Le mois de Ramadan amène chaque année un moment de calme étrange où toute vie semble suspendue, où les rues se vident, où il est soudain agréable de se promener sur des trottoirs habituellement encombrés de lents passants et d’étals de chaussettes, de cravates, de T-shirts, de briquets, de jounaux… Quelques voitures encore passent à toute allure… A partir de 16H30, la ville devient fantômatique, infiniment moins bruyante et fourmillante que d’ordinaire. Les embouteillages se sont déplacés un petit peu plus tôt que d’habitude, les employés sortant plus tôt de leurs bureaux pour avoir le temps de rentrer chez eux malgré les embouteillages.

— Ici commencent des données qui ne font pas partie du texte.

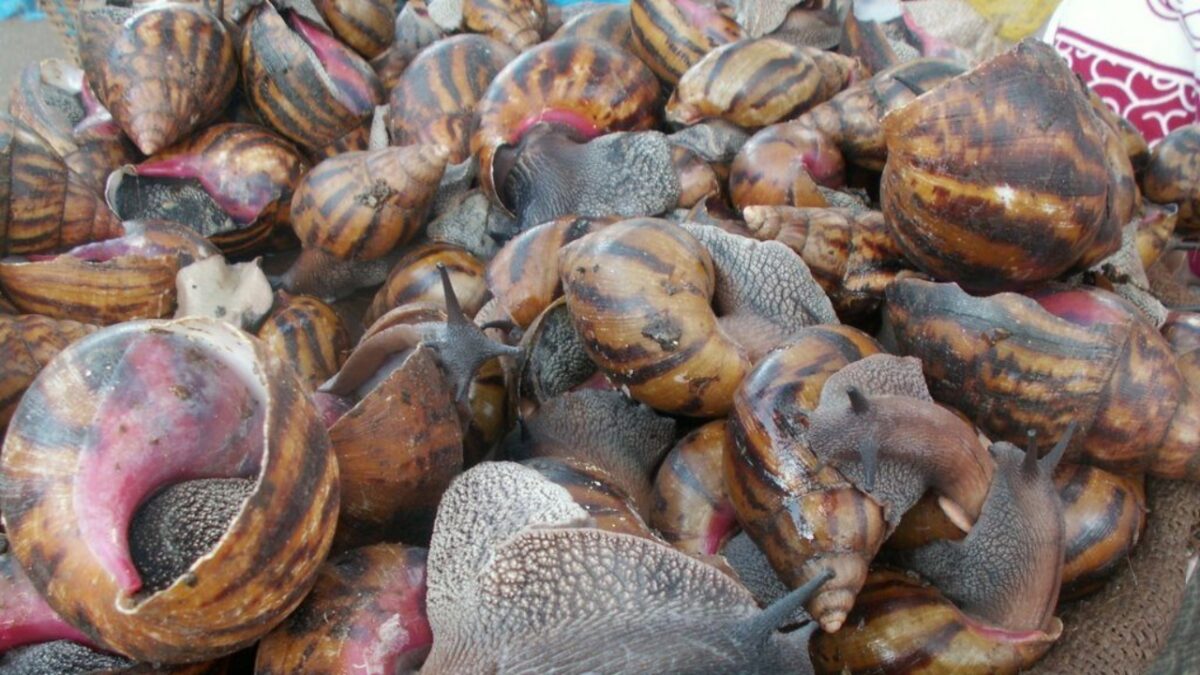 Guide to the acquisition of snails for snail farming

Des magasins ferment, d’autres restent illuminés mais curieusement désertés. Le silence gagne en intensité, on est seul sur le trottoir, quand éclate l’appel à la prière, et l’on voit dans la ruelle, sur des nattes, un groupe d’hommes faire la prière avant de s’attabler autour des mâ’idat al-Rahmân, les tables de la miséricorde. On rompt le jeûne d’une datte. Le couvert y est déjà mis, la nourriture est offerte par un généreux donateur, riche personnage du quartier ou simple propriétaire de magasin. Certains donnent même à manger ainsi, chaque soir, à plusieurs milliers de personnes, indigents ou non, on ne demande pas les cartes de rationnement. Et dans les rues désertes, sur les trottoirs illuminés, sous les auto-ponts, dans les impasses, on mange de bon appétit. La majorité tout de même préfère manger chez soi, de bons petits plats mis dans les grands. La nuit tombe doucement sur la ville immense et quiète. Après le copieux repas, cigarette, puis sieste en général, sauf pour ceux qui réouvrent leur magasin au cas où un improbable client se présenterait.

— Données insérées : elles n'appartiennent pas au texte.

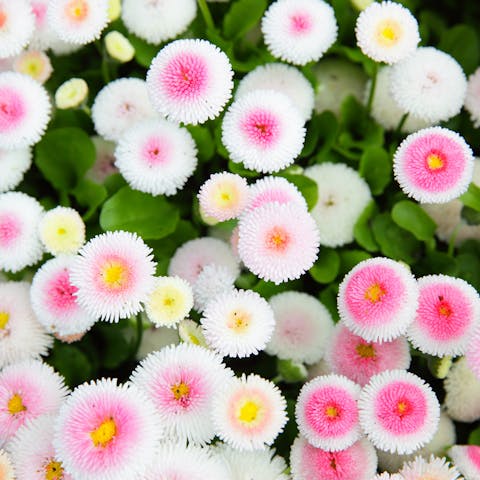Distinguish the Difference Between Annual Vs Perennial Plants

On voit aussi passer, peu avant la rupture du jeûne - iftâr – de grosses voitures rutilantes. Le conducteur d’une mercedes grises aux vitres fumées distribue des sacs de nourriture exclusivement aux policiers qui, encore habillés de blanc, sont plantés aux carrefours desoeuvrés. Une bourgeoise, chevelure retenue par un bandeau et grosses lunettes noires, distribuent les sacs richement dotés qui couvrent la banquette arrière de son monospace couleur grenadine, les jeunes hommes se pressent devant sa portière en espérant bénéficier de cette manne. Manne que les nantis distribuent aux pauvres pour la grâce de Dieu - fî sabîl Allâh. Il y a même des Coptes pour ainsi offrir l‘iftâr aux défavorisés de leur quartier. On a même vu, dans une grosse béaimedoublevé noire, un chauffard lancer aux balayeurs dépenaillés des sacs en plastique contenant des morceaux de viande, sacs qui explosaient en touchant le sol, viande que ramassaient les pauvres hères reconnaissants.